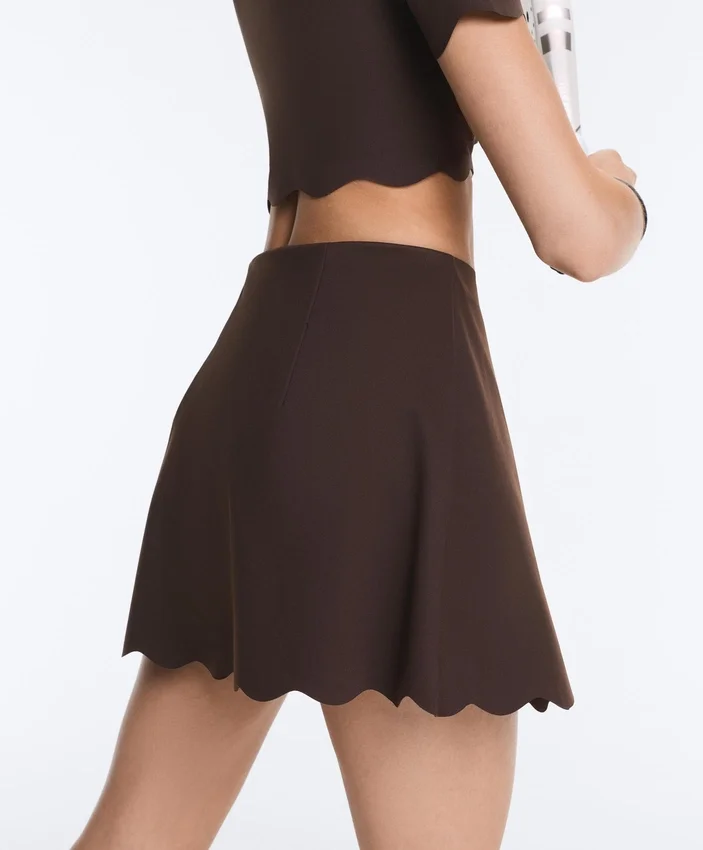 Compressive High-Rise Wavy Short Skirt Compressive High-Rise Wavy Short Skirt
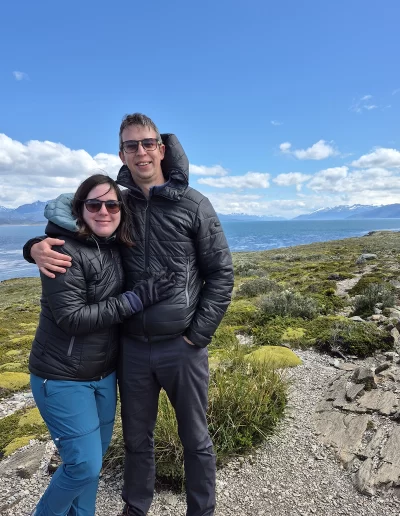 Descubrí la magia del Canal Beagle en Ushuaia, Tierra del Fuego, a bordo del Velero Ksar, el velero más cómodo y versátil de la región. Ofrecemos expediciones personalizadas de navegación en velero con salida desde la Bahía de Ushuaia, ideales para aventureros, fotógrafos, científicos, deportistas y amantes de la naturaleza. Nuestros servicios incluyen travesías de un día completo, experiencias con noche a bordo, travesías de 3 días hasta Puerto Almanza por el Paso Guaraní, y travesías largas de 7, 10 o 15 días. También realizamos expediciones científicas, clínicas de vela en navegación, buceo, kayak, paddle, trekking, esquí y mucho más. Visitá destinos icónicos como Isla de los Lobos, Faro Les Éclaireurs, Islas Bridges, Isla Redonda, Paso Guaraní, Península Mitre, Isla de los Estados, Fiordos y Glaciares y Cabo de Hornos. Una de nuestras excursiones estrella es la navegación Full Day por el Canal Beagle, una jornada completa de exploración náutica entre islas remotas, canales y fauna marina: lobos marinos, aves australes, pingüinos (en temporada) y vistas panorámicas del fin del mundo. Ideal para quienes buscan una experiencia completa sin pernocte. La experiencia con una noche a bordo es perfecta para quienes desean vivir una aventura íntima, dormir fondeados frente a una isla solitaria y disfrutar de una cena cálida a bordo, bajo el cielo austral. Incluye navegación de medio día, fondeo en una bahía protegida y regreso al día siguiente. La travesía de 3 días y 2 noches por el Paso Guaraní hasta Puerto Almanza es una verdadera expedición en la que se recorren islas remotas, se avista fauna marina, se fondea en parajes solitarios y se disfruta de caminatas en tierra firme. Una inmersión total en la naturaleza fueguina, con confort y seguridad a bordo. El Velero Ksar, modelo Joshua de 40 pies construido en acero naval, fue diseñado para la navegación antártica y cuenta con doble casco, aislación térmica, calefacción a estufa réflex por goteo y comodidades para 7 personas. Dispone de un camarote privado, salón con sofás convertibles, mesa de cartas con instrumental moderno (GPS, ecosonda), cocina completa con horno y vajilla, baño con ducha de agua caliente y una atmósfera acogedora gracias a su carpintería de madera. Además, somos el primer velero en Ushuaia con conexión satelital STARLINK ARGENTINA, garantizando internet de alta velocidad incluso en zonas remotas. Viví experiencias únicas como: navegación a vela con cupos limitados, avistaje de fauna marina, trekking en islas, cenas bajo las estrellas, amaneceres en el Beagle, clínicas de vela, y logística para deportes y ciencia. Organizamos expediciones en cooperación con deportistas extremos, exploradores y proyectos científicos. También ofrecemos opciones combinadas con traslados terrestres para recorrer la Ruta 3, la Ruta de los Lagos y otros puntos icónicos de Tierra del Fuego. Ya sea que quieras una navegación corta, una expedición prolongada, una travesía técnica o simplemente relajarte y reconectar con la naturaleza austral, el Velero Ksar es tu puerta de entrada a una de las últimas fronteras salvajes del planeta. Con más de 30 años de experiencia en la zona, nuestros capitanes garantizan seguridad, profesionalismo y una aventura que marcará tu vida. ¡Zarpá con nosotros desde el Fin del Mundo y descubrí la esencia de navegar en el sur más profundo de la Patagonia Argentina con el Velero Ksar!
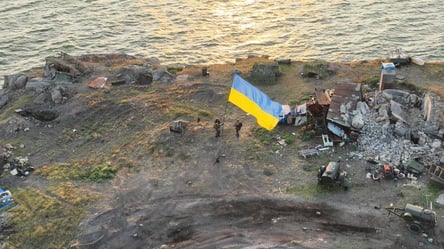 Флаг Украины установлен на Змеином (обновлено) - 285x160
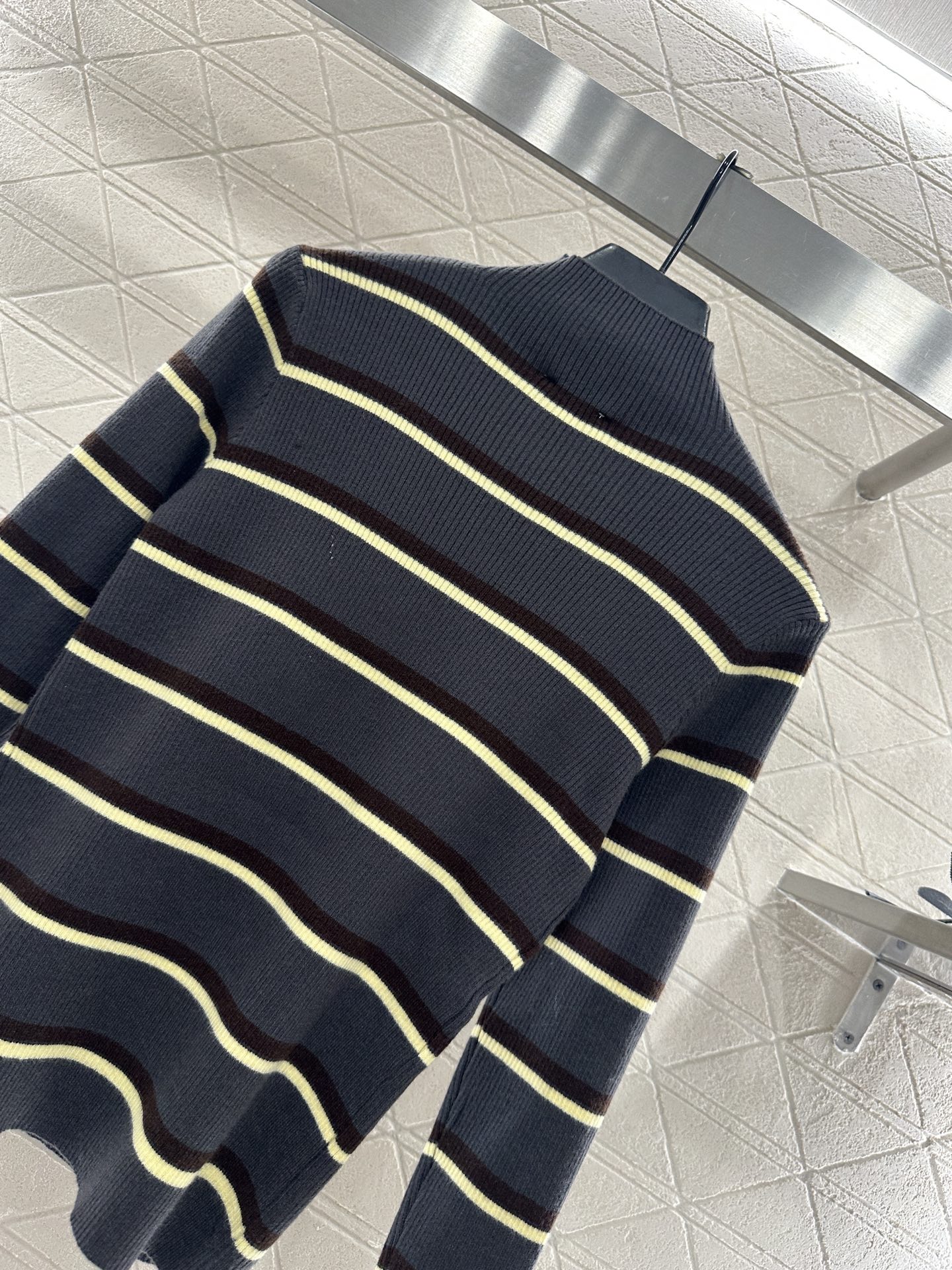 ♥BBR*♥2025新品上架 条纹针织套头毛衣定制YB丝毛纱线织造，质感高级，弹力舒适，小高领纽扣半开襟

→ Requirement
Once the line with "Флаг Украины установлен" is found, write out that line and every later line of the listing above exactly, through the last one, and skip any pictures.

→ Solution to the exercise
 Флаг Украины установлен на Змеином (обновлено) - 285x160
 ♥BBR*♥2025新品上架 条纹针织套头毛衣定制YB丝毛纱线织造，质感高级，弹力舒适，小高领纽扣半开襟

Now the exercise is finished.